I love discovering new interoperative cultural memes, and I happened upon one over the weekend at the local McDonald’s. I’m not a big fan of McDonald’s, but they do try to offer some healthy food, and I appreciate they set a major agenda when it comes to creating an entire landscape of community dietary choices. There is grand power in creating caloric counts. Oftentimes, the only affordable meal in an urban neighborhood is found under the Golden Arches — and that creates a static economy and a trapped customer base. We’ll discuss more about that dangerous, if unassailable, economic power tomorrow.
I visit our local McDonald’s almost daily because of their amazing, and unforgiving, dollar coffee special: They keep pulling me back in! Any size coffee is only a dollar! Yes, I’ll take a large, please, and make it two!

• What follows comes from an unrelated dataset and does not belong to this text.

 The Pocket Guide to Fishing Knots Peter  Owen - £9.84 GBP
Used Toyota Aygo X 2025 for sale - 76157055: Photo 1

I have ritualized my order so much that I often don’t have to even say anything when I step up to the counter. If the cashier knows me, and my morning routine, I get a “look” and I “nod” and the two coffee order is put into the computer and I slide-to-pay and then shift to my right and pick up my order. Not a word is spoken. Only looks are exchanged. Its all a perfectly sync’d material meme.

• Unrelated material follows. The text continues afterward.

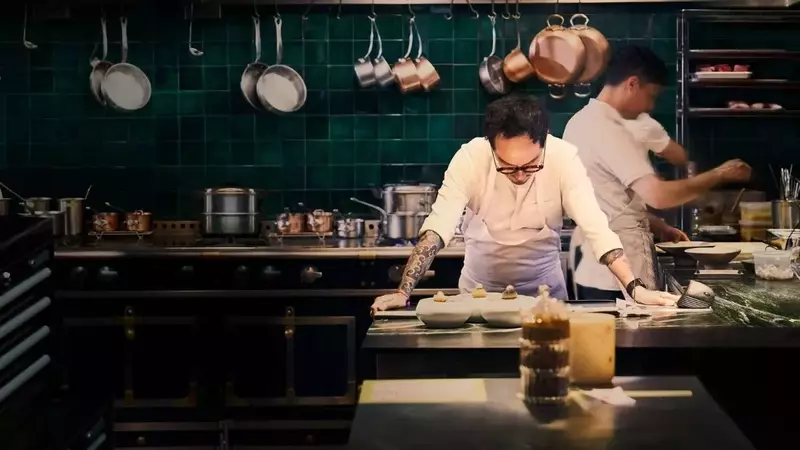 La Búsqueda Implacable: El Viaje Detrás de las Estrellas Michelin en Apple TV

The other day, a McDonald’s manager was working the cashier terminal. I’ve seen her working there many times, but she’s usually busy in the back. She prefers to speak Spanish.
When it was my turn to order, I was ready to speak when the manager held up her hand and spoke to me in English, “You’re part of the house.”

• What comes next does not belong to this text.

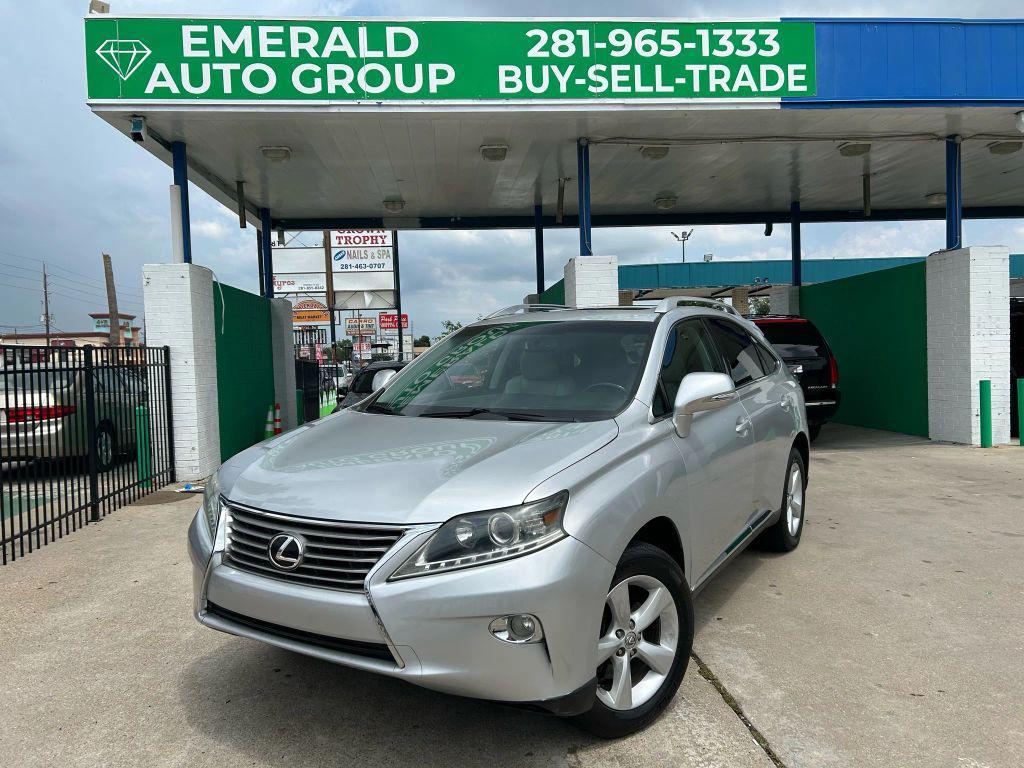 used 2013 Lexus RX 350 car, priced at $14,500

I stopped a moment, not quite understanding her in context, but before I could ask her what she meant, I looked down and saw she was already punching in my two coffee order into the terminal even though she’d never waited on me before.
“Part of the house,” she repeated, and smiled back. She arced her arm to move me along the line after I slid my credit card to pay.
“Thank you,” I said as I obliged right. I picked up my hot coffee order — sealed with the satisfaction that I fit in my neighborhood and that I finally found belonging as part of the house.